Neighborhood activists worried about short-term vacation rentals in the city of San Diego seem to be coming to terms with something: They don’t have the votes on the City Council to ban homeowners from renting out their whole houses or condos to visitors.
Tom Coat was a board member of Save San Diego Neighborhoods, whose supporters are expected to pack Golden Hall Tuesday to push for enforcement of a ban.
Coat said it became obvious that even if the City Council agreed that the law, as it stood, prohibited short-term rentals, neither Council members nor the mayor wanted it enforced.
“Which to me is very sad. But that’s the reality,” Coat said. But in September, Councilmen Chris Ward, David Alvarez, Mark Kersey and Scott Sherman released their proposal to create a permitting and enforcement structure. The most obvious fact in it is that a homeowner could rent his or her whole home to visitors all year, with a permit.

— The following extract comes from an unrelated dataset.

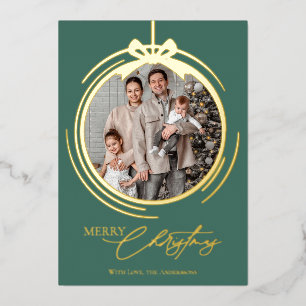 Bauble Ornament Calligraphy Christmas One Photo Foil Holiday Card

The proposal from Ward and colleagues would allow investors to hold three permits each.
To Coat, that “means the end of neighborhoods as we know them,” he said on our podcast Friday. “I tried, as president of Save San Diego Neighborhoods, to persuade them to come to a situation where we would deal with the political reality as it is rather than holding out for the best solution”
So he is supporting a separate proposal from Councilwoman Barbara Bry.
If she got her way, only the primary resident of a property would be allowed to get a permit to rent it to visitors – and even then, could only rent it out for up to 90 days total per year. This is the summer-in-Europe plan.
Save San Diego Neighborhoods does not support Bry’s plan. Coat and the group parted ways.
Sue Hopkins helps provide data and talking points for the groups opposing short-term vacation rentals. Her experience as a Clairemont resident living next door to a vacation rental made her active. She and many of her counterparts see some of the same writing on the wall Coat does, but they don’t want Bry’s proposal.
After years of wanting action, it appears they would be greatly relieved if the City Council would punt this issue once again. They’re retreating to the position that we do not know enough about what is happening with vacation rentals to make the right decision.
“Why are we making a change when we don’t have a full data set?” Hopkins said. “Why has the City Council not spent any time or energy? I mean, at best, it’s overwork or laziness. At worst, it’s willful ignorance of the facts.”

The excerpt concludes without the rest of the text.